After Wacky Packages came Slime, the first “disgusting” toy (1977), and Garbage Pail Kids stickers (1985) and the advent of fart jokes in Walt Disney cartoons (The Lion King, 1994) and that masterpiece of the confectioner’s art, Sour Flush, acrid sweet powder that comes packaged in a miniature plastic toilet to be dabbed at and consumed by means of the moistened end of an edible plunger. And then one day children looked around and saw that there was no corner, no alleyway, no space anywhere in their lives that was free of adult supervision, adult mediation, adult control. All sports are organized sports, trick-or-treating takes place in school gymnasiums, and parents who send their children out to play where I used to play, in the street — in the street! — court well-publicized tragedies such as abduction and intervention by the minions of Child Protective Services. Captain Underpants, champion of flatulence and bodily fluids, is a mainstay of the Scholastic Book Club. The reading of the books is not only condoned but encouraged by teachers and librarians, grateful that boys are interested in reading anything at all.
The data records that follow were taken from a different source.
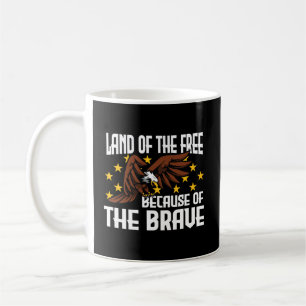 Caneca De Café Terra Dos Gratuitos Por Causa Da Corajosa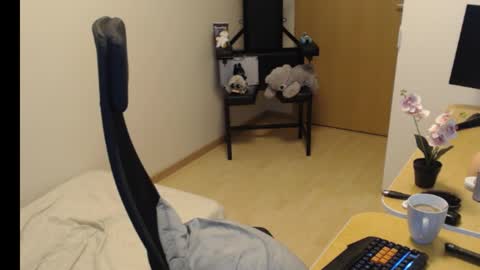 Snapshot of dante_twink__ chatting on February 7, 2026, 6:11 pm Dante online show from February 7, 2026, 6:11 pm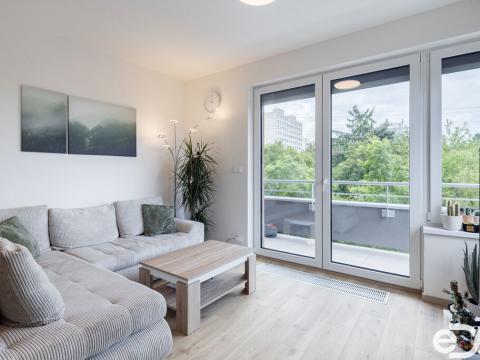 Pronájem bytu 2+kk, Praha - Záběhlice, Klapálkova, 57 m2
In detesting, disapproving of the Captain Underpants books, I am not trying to disparage my son’s taste in fiction, to belittle his choices, to withhold my approval of him. God knows I have nothing against boogers. This is where the hypocrisy comes in. I loved Wacky Packages. I knew every foul verse of the classic anthems “Suffocation” (Suffocation, mental retardation / Suffocation, the game we like to play) and “Diarrhea” (later made famous in the film Parenthood). If Captain Underpants had been around when I was a kid, I probably would have loved him, too. But knowing that doesn’t make it any harder for me to wish Captain Underpants away. The irony of the series is too painful. George and Harold, the young protagonists, enjoy the unscheduled time and freedom from adult supervision that I (and no doubt Dav Pilkey) once took for granted. The boys imagine, create, and draw their own superhero adventures (including those of Super Diaper Baby) within the context of an old-fashioned adult world that still disapproves heartily of boys’ taking pleasure from talking about pee and poop and snot. George and Harold’s teachers, one comes to realize, would never allow them to read Captain Underpants books, let alone help win free copies of them for their classroom by placing book-club orders with Scholastic. The original spirit of mockery has been completely inverted; it is now the adult world that mocks children, implicitly and profitably, speaking its old language, invoking its bygone secret pleasures.